Source records:
========================================

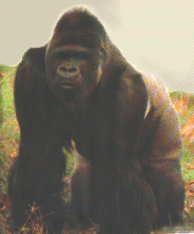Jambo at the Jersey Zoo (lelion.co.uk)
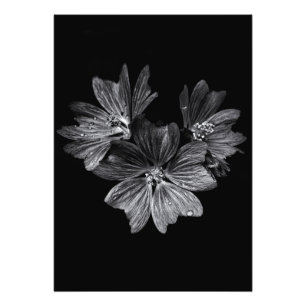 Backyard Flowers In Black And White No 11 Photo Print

========================================

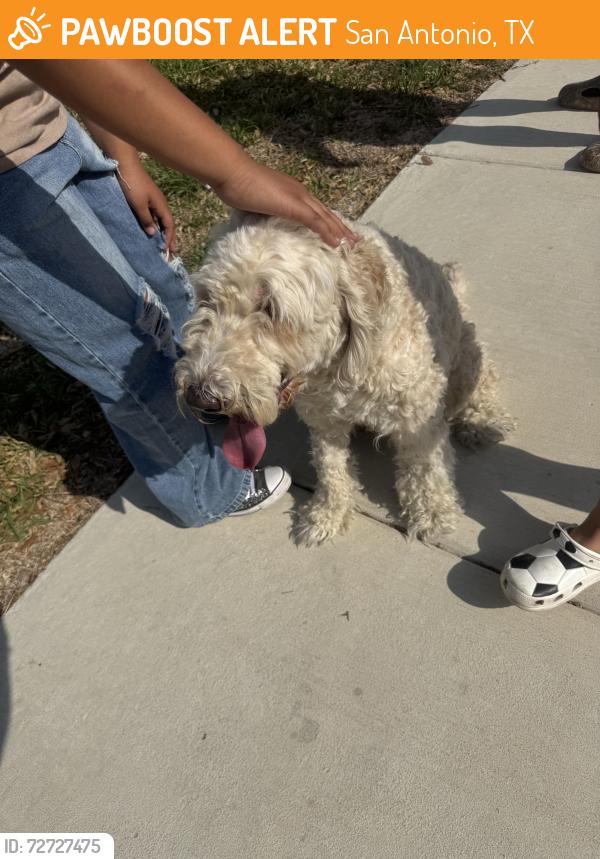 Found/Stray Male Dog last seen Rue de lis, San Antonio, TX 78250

========================================

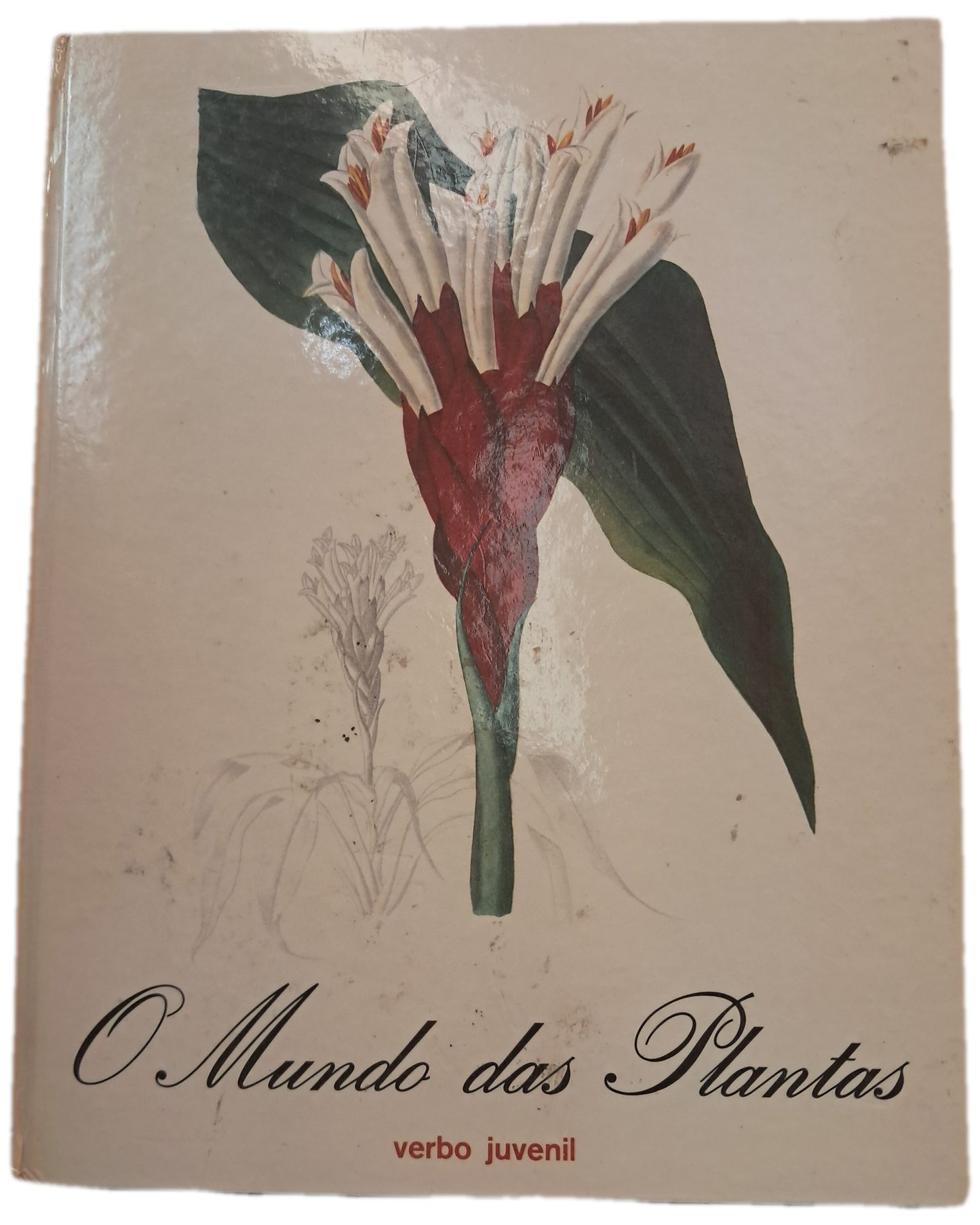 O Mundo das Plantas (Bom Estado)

========================================

Within the material above, find the part that opens with the line containing "Jambo at the Jersey Zoo (lelion.co.uk)" and closes with the line containing "Backyard Flowers In", and reproduce it exactly without the pictures.

Jambo at the Jersey Zoo (lelion.co.uk)
 Backyard Flowers In Black And White No 11 Photo Print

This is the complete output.